━━━ SOURCE MATERIAL ━━━
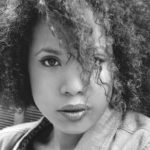 black and white portrait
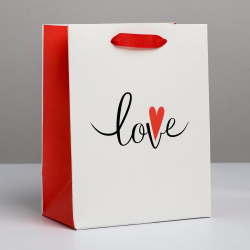 Пакет подарочный ламинированный вертикальный  упаковка Дарите Счастье 01227795
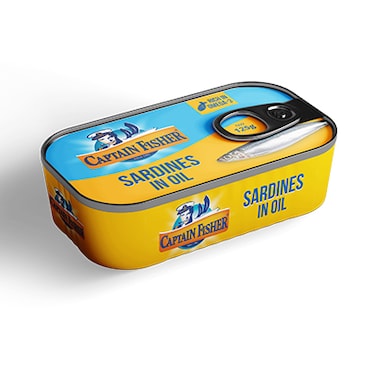 Captain Fisher Sardine In Oil 125GR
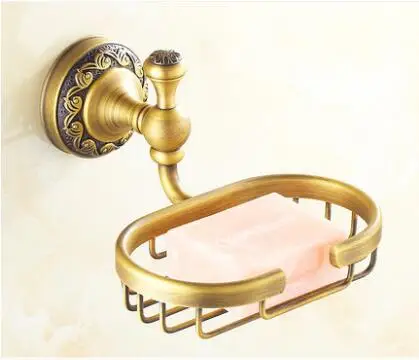 drier holder Твердый латунный набор аксессуаров для ванной комнаты, крючок для халата, держатель для бумаги, полотенцесушитель, корзина для мыла, наборы для ванной комнаты - Цвет: drier holder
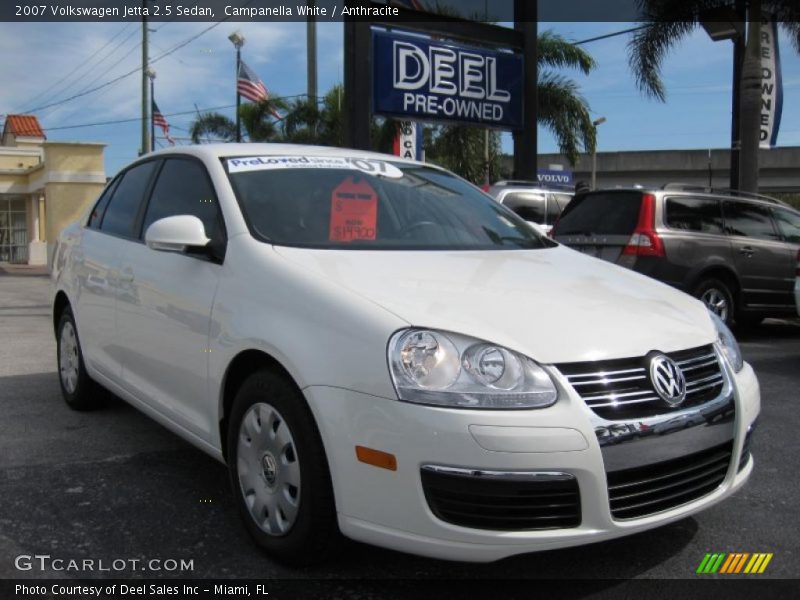 Campanella White / Anthracite 2007 Volkswagen Jetta 2.5 Sedan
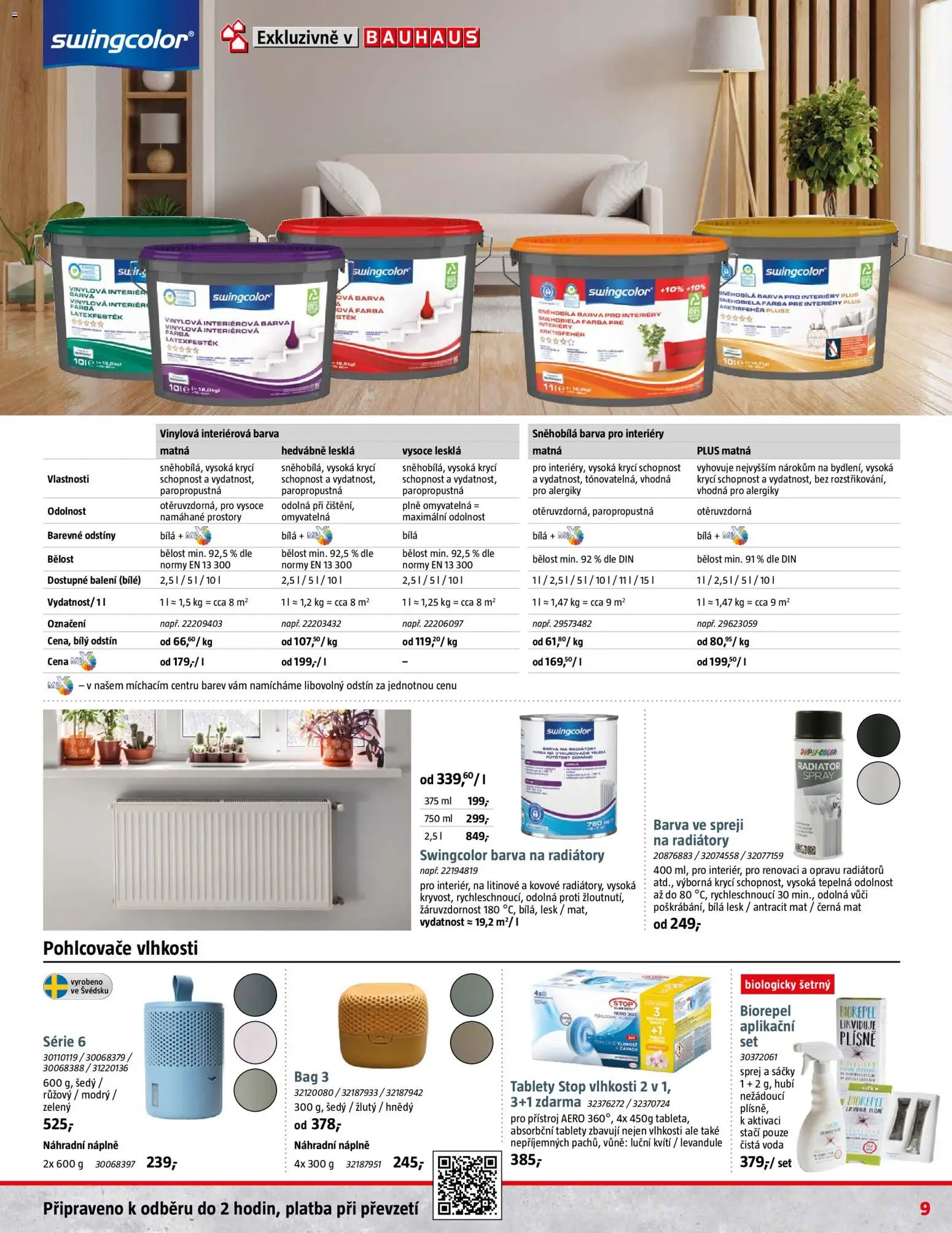 Bauhaus leták od 31.10.2025 | Strana: 9 | Produkty: Voda, Radiátor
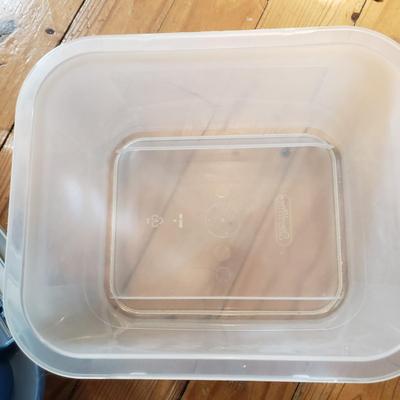 22 Plastic Storage Bins (B1-KD)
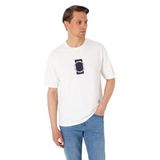 Pierre Cardin Erkek Beyaz Tişört 50310155-VR013
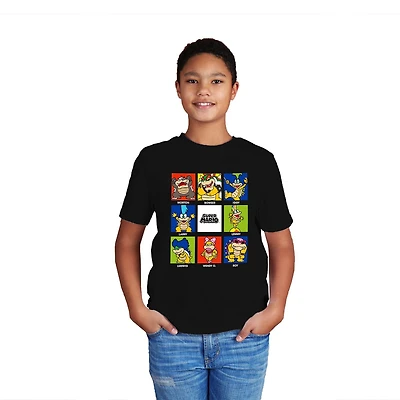 Super Mario Boys Bad Guy Box T-Shirt Manche Courte Tailles: TP-TG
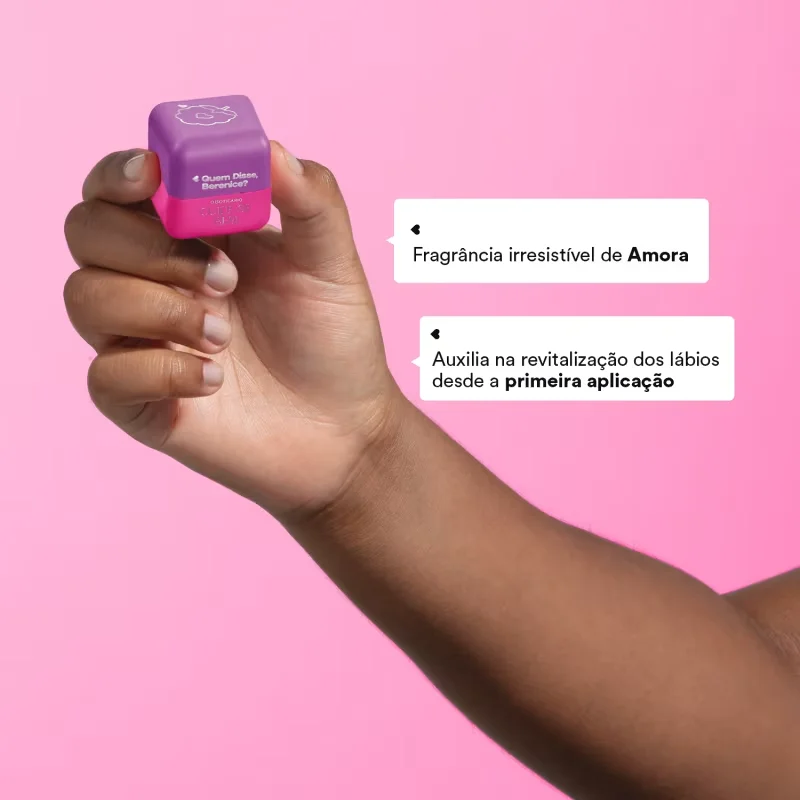Hidratante Labial Vinho Quem Disse, Berenice? Cuide-se Bem Amoruda 6,2g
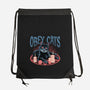 Obey All Cats-None-Drawstring-Bag-glitchygorilla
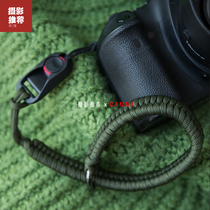(Photography Recommended) Pure handwoven cammi compatible pd fast-detached buckle micro-single-phase machine wristband hand rope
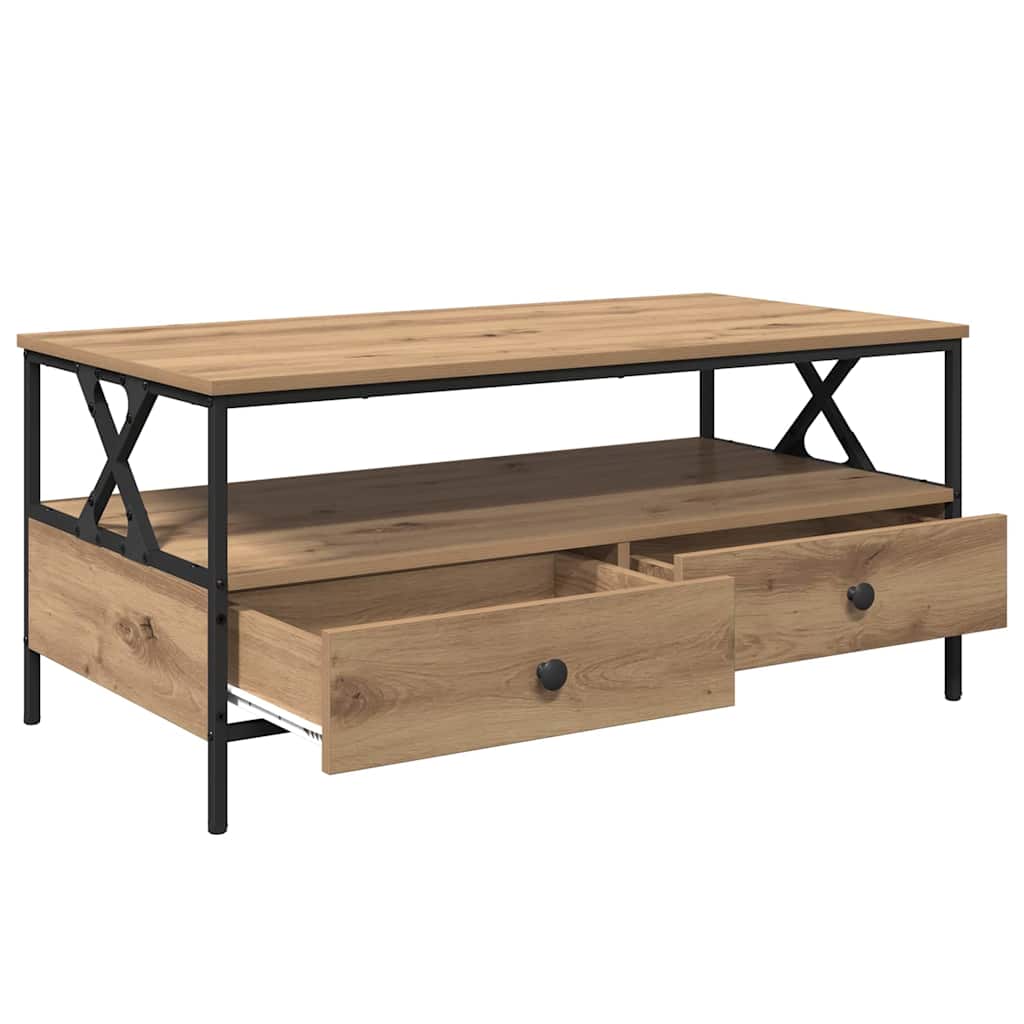 Coffee Table Artisan oak 100 x 51 x 45 cm Engineered wood
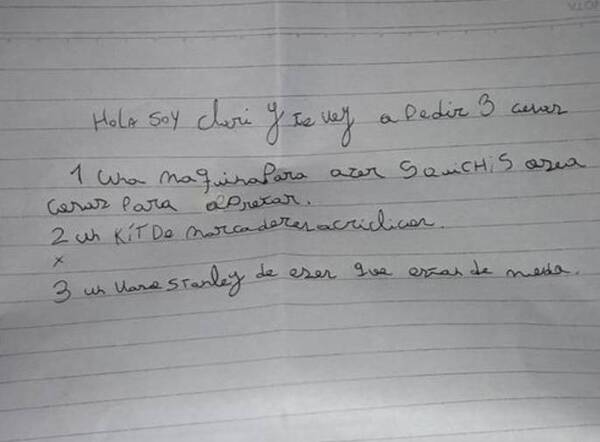 [VIDEO] ¿Mba'e piko? La carta que Papa Noel entendió todito mal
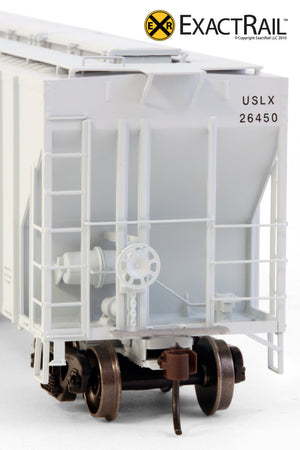 X - Evans 4780 Covered Hopper : Far-Port COOP/USLX - ExactRail Model Trains - 2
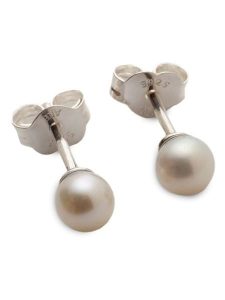 Pandora Srebrne kolczyki-wkrętki z perłami rozmiar: onesize. Brązowe kolczyki Pandora, z perłą, srebrne. Za 217,99 zł.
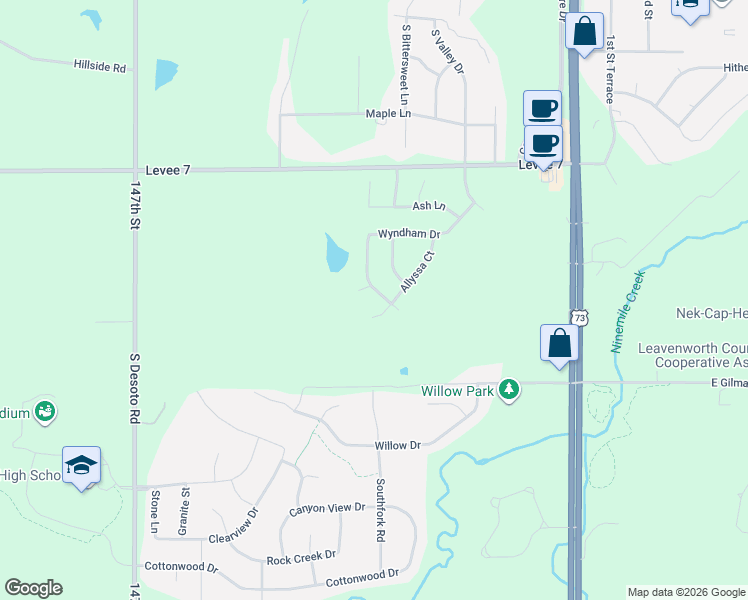 map of restaurants, bars, coffee shops, grocery stores, and more near 938 Wyndham Drive in Lansing
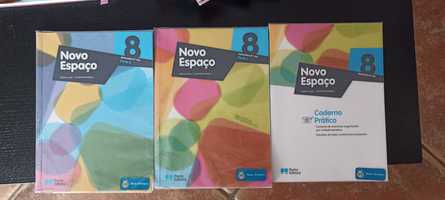 Manual e Caderno de atividades - Novo Espaço 8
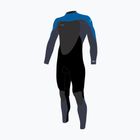 Vaikiškas plaukimo kostiumas O'Neill Youth Epic 4/3 mm Back Zip Full black/slate/bali blue
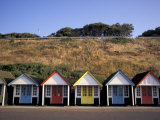 Beach Huts at Bournemouth, Dorset, England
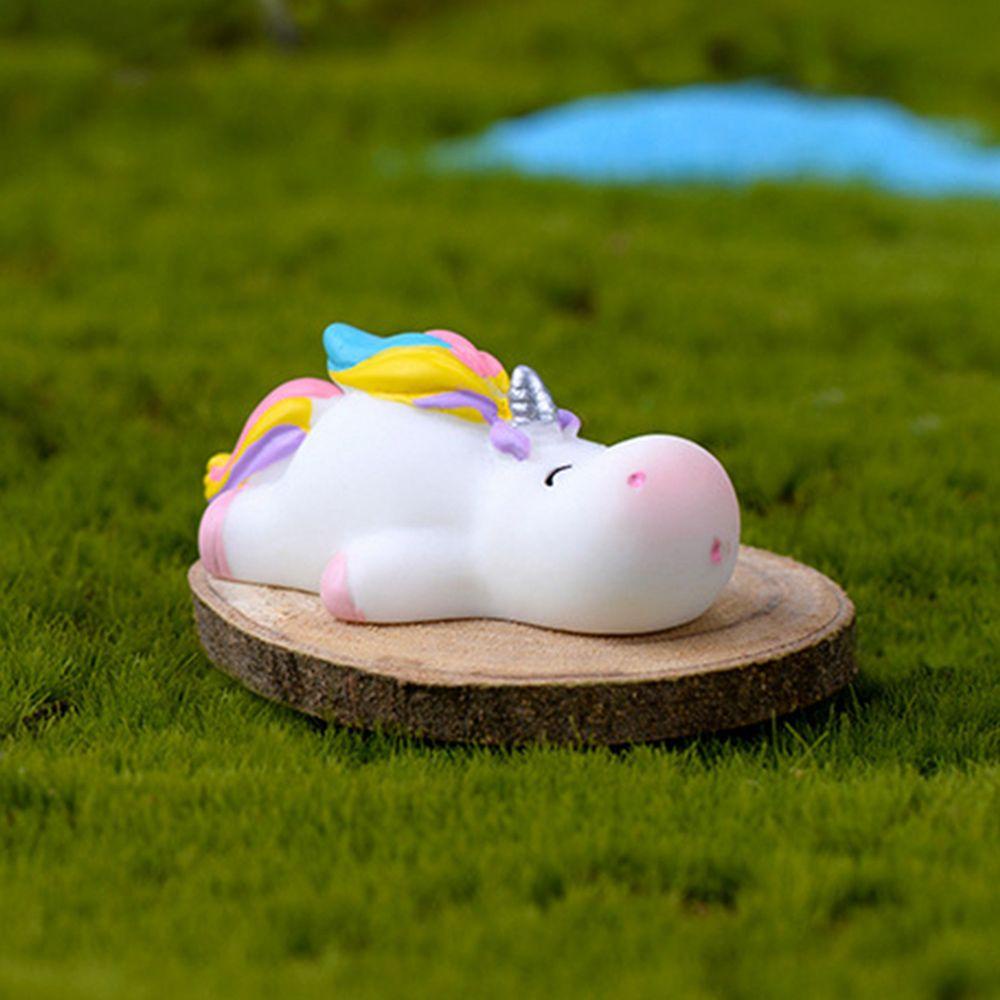 [Elegan] Unicorn Patung Multi-Posisi Mini Indah Miniatur Mainan Lanskap Mikro Bonsai Dekorasi Kerajinan Hadiah Anak Model Unicorn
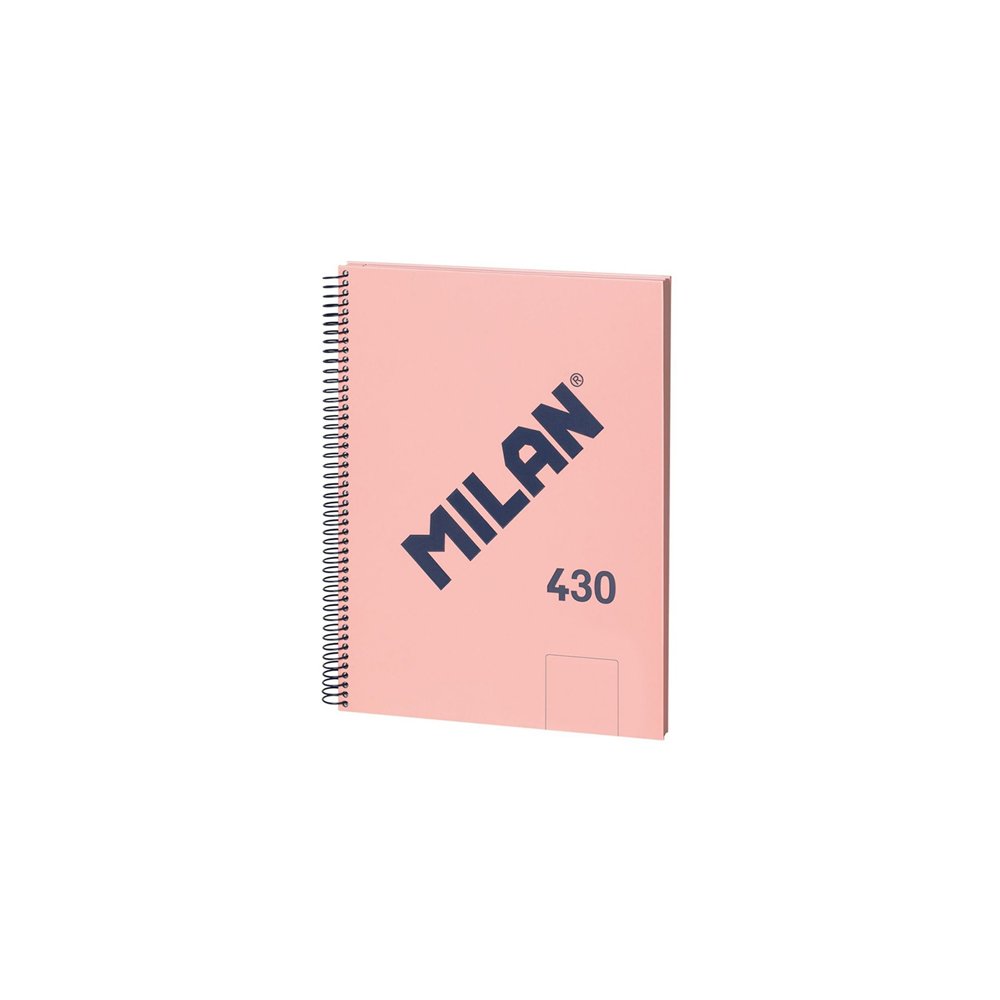 Milan 57141e80b cuaderno y block a4 80 hojas rosa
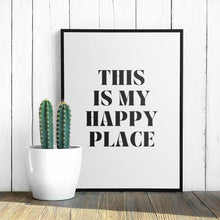 Load image into Gallery viewer, This is My Happy Place Art Print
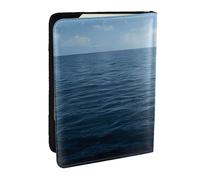 KIPOSTYZTT Cruise Ship Print Passport Holder Pu Leather Travel Wallet Passport Case Passport Covers 6.5 Inch Multiple Card Slots for Men and Women
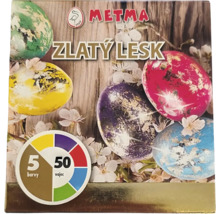 Sada barev na velikonoční vajíčka Metma s pěti barvami pro padesát vajec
━━━
WHAT THE TASK ASKS> Pictures are to be left out. Write out only the lines above starting at the one with "22 Plastic Storage Bins (B1-KD)" and ending at the one with "Vaikiškas plaukimo kostiumas", both lines included, exactly.

RESULT OF THE TASK>
 22 Plastic Storage Bins (B1-KD)
 Pierre Cardin Erkek Beyaz Tişört 50310155-VR013
 Super Mario Boys Bad Guy Box T-Shirt Manche Courte Tailles: TP-TG
Hidratante Labial Vinho Quem Disse, Berenice? Cuide-se Bem Amoruda 6,2g
 Obey All Cats-None-Drawstring-Bag-glitchygorilla
(Photography Recommended) Pure handwoven cammi compatible pd fast-detached buckle micro-single-phase machine wristband hand rope
 Coffee Table Artisan oak 100 x 51 x 45 cm Engineered wood
 [VIDEO] ¿Mba'e piko? La carta que Papa Noel entendió todito mal
 X - Evans 4780 Covered Hopper : Far-Port COOP/USLX - ExactRail Model Trains - 2
 Pandora Srebrne kolczyki-wkrętki z perłami rozmiar: onesize. Brązowe kolczyki Pandora, z perłą, srebrne. Za 217,99 zł.
 map of restaurants, bars, coffee shops, grocery stores, and more near 938 Wyndham Drive in Lansing
 Manual e Caderno de atividades - Novo Espaço 8
 Vaikiškas plaukimo kostiumas O'Neill Youth Epic 4/3 mm Back Zip Full black/slate/bali blue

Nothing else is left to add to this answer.